The Marine Corps temporarily lifted the ban on female Marine officers attending the grueling Infantry Officers Course this fall, as part of a 2011 congressional defense provision that the military studies prohibitions on women. The two inaugural students washed out within a week because they couldn't keep up with the harsh physical demands of the training. The Marine Corps says it wants to test 90 more women, the Washington Times reports, but is concerned that many may not volunteer.
No women are scheduled to enter the next class, beginning in January.
In February the Pentagon overturned its "co-location prohibition," allowing women into roles that had previously been off-limits because they would have to live with men. It also allowed women to serve in combat support functions at the battalion level. This initiative opened up 14,325 new jobs to women, the Pentagon says.
Defense Secretary Leon Panetta directed the military services to update him in November on the effect of the newly opened positions, as well as on other remaining barriers.
"Secretary Panetta remains strongly committed to examining the expansion of roles for women in the U.S. military, as evidenced by the recent step of opening up thousands of more assignments to women," says Panetta spokeswoman Eileen Lainez in an E-mail to U.S. News.
"The recent openings are the beginning, not the end, of a process," she says. "The services will continue to review positions and requirements to determine what additional positions may be opened to women.
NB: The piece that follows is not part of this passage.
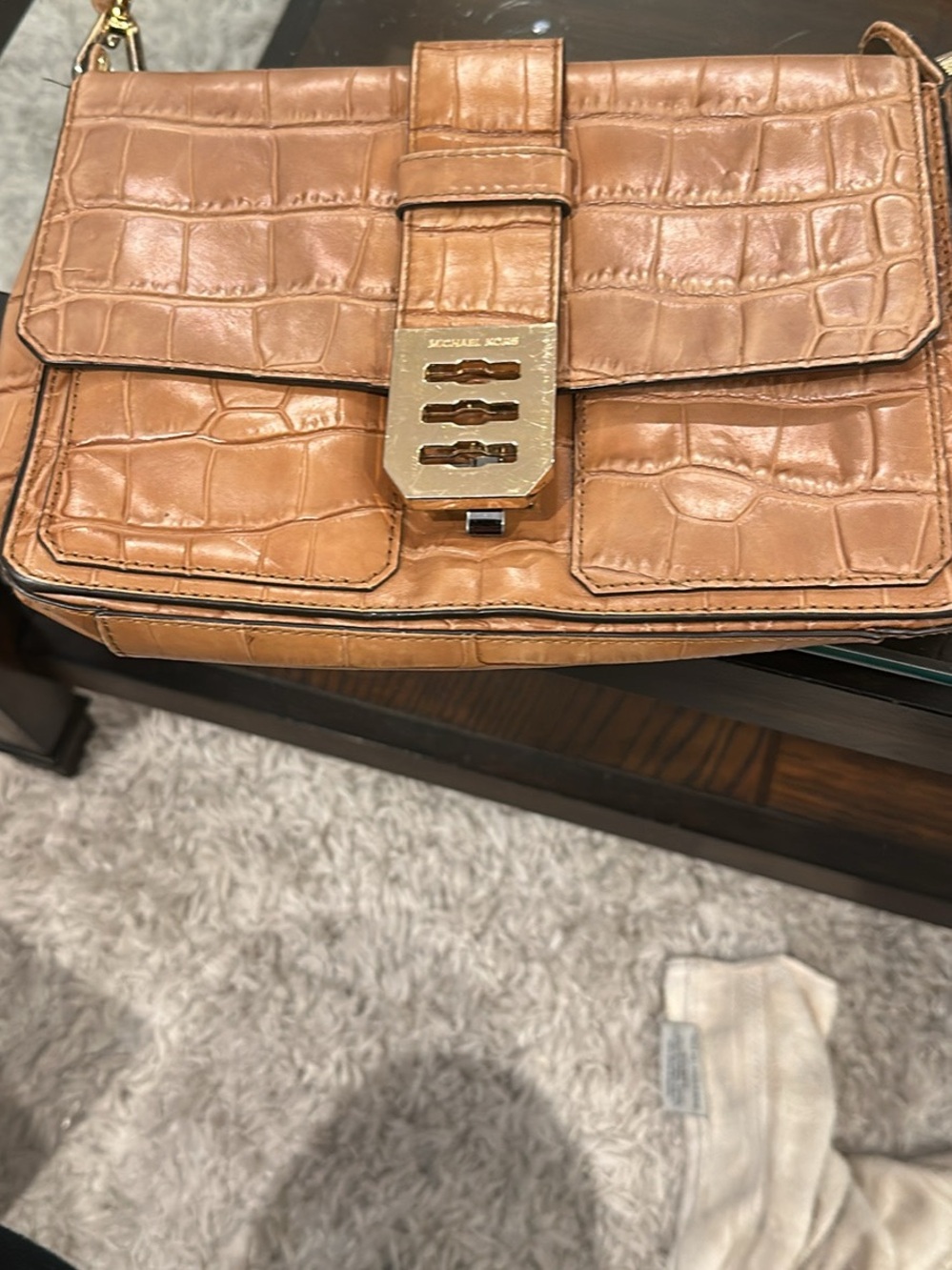 Michael Kors Croc-Embossed Tan Leather Shoulder Bag with Gold Hardware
Our goal is to ensure that the mission is met with the best qualified and most capable people, regardless of gender."
The Constitution prohibits the government from having blanket rules excluding members of a group from opportunity when it's based on a characteristic, such as sex, says Gill.
"What the policy is doing is preventing [women] from getting the proper training, from getting recognition, from using this combat experience that they're getting to advance within the military," she says. "We're not saying that any particular woman has a constitutional right to a specific position, it is really about the categorical exclusion and how that policy is outdated and doesn't match the reality of modern warfare."
A RAND Corp. study included in the Marine Corps research says there is no direct correlation between a female officer's inability to have a combat job and her likelihood of reaching the pay grade of colonel.